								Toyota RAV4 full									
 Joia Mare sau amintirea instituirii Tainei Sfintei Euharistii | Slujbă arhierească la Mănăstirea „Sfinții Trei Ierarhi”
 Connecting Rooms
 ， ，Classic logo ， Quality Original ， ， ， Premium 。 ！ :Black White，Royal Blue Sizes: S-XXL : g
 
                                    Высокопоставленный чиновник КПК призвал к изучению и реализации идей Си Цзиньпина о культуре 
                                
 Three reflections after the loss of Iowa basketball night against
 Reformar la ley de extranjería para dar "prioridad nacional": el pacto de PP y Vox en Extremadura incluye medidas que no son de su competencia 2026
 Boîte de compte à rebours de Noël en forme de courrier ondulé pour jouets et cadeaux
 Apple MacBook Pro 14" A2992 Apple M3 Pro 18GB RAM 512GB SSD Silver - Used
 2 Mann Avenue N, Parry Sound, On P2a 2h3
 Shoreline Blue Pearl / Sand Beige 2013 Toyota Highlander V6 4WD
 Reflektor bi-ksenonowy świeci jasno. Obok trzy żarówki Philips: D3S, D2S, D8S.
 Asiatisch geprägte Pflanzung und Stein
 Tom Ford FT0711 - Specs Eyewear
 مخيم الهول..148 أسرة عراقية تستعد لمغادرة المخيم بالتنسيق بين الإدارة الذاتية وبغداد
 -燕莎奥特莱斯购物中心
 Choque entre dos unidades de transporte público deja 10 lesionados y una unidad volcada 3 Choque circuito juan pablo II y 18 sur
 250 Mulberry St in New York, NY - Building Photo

* _EXERCISE INSTRUCTIONS_:
Show the lines of the data that hold the word "Blue".

* _TASK OUTPUT_:
 ， ，Classic logo ， Quality Original ， ， ， Premium 。 ！ :Black White，Royal Blue Sizes: S-XXL : g
 Shoreline Blue Pearl / Sand Beige 2013 Toyota Highlander V6 4WD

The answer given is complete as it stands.